> [PROBLEM DESCRIPTION] Return the listing in full and exactly, but without a single picture.

> [PROVIDED DATA]

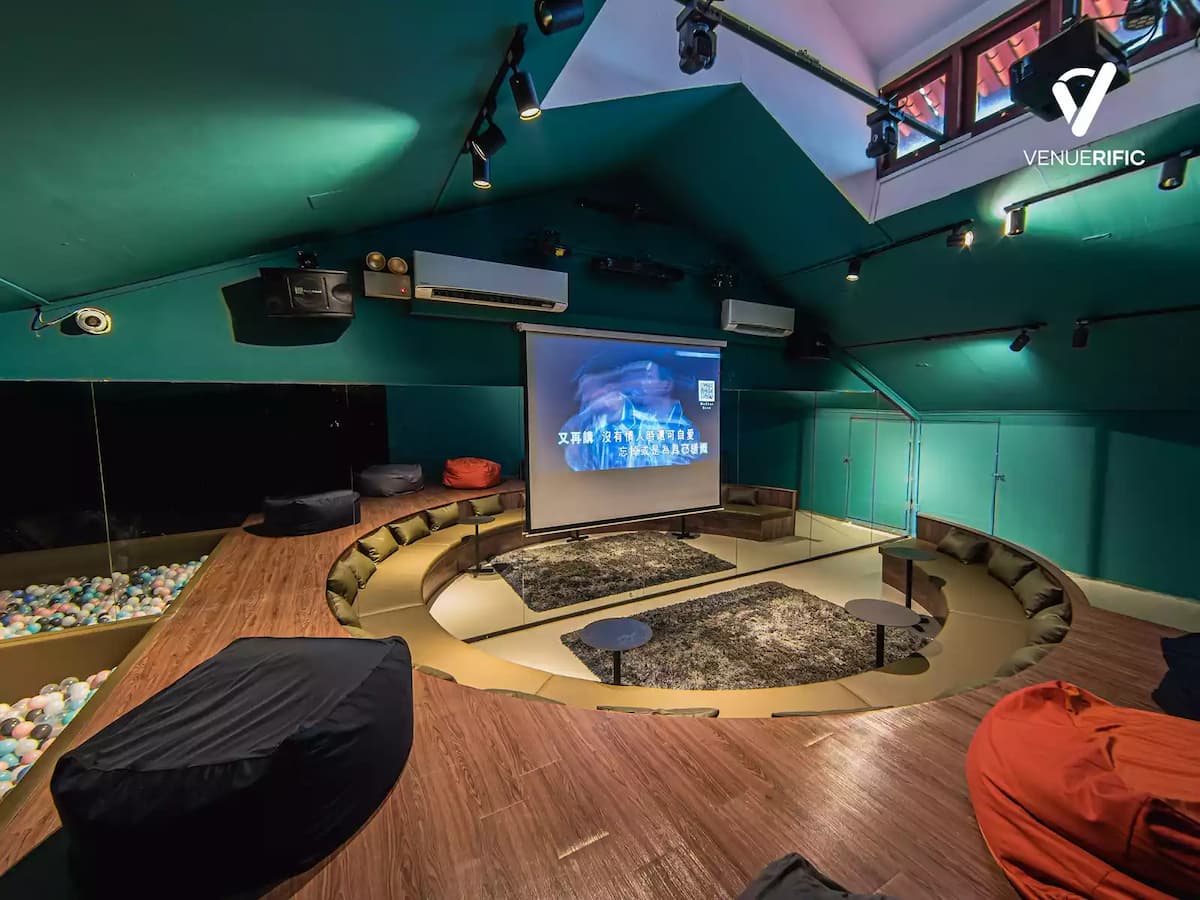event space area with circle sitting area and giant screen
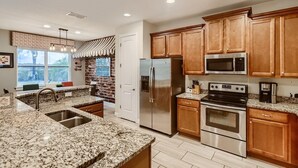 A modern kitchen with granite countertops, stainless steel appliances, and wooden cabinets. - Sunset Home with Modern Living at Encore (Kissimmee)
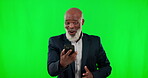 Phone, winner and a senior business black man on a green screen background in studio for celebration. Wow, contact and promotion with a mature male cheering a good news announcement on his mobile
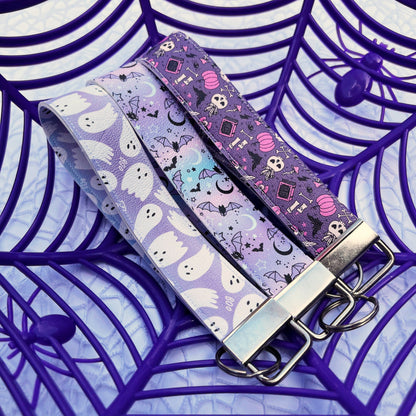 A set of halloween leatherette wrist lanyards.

> [REPLY]
event space area with circle sitting area and giant screen
 A modern kitchen with granite countertops, stainless steel appliances, and wooden cabinets. - Sunset Home with Modern Living at Encore (Kissimmee)
 Phone, winner and a senior business black man on a green screen background in studio for celebration. Wow, contact and promotion with a mature male cheering a good news announcement on his mobile
 A set of halloween leatherette wrist lanyards.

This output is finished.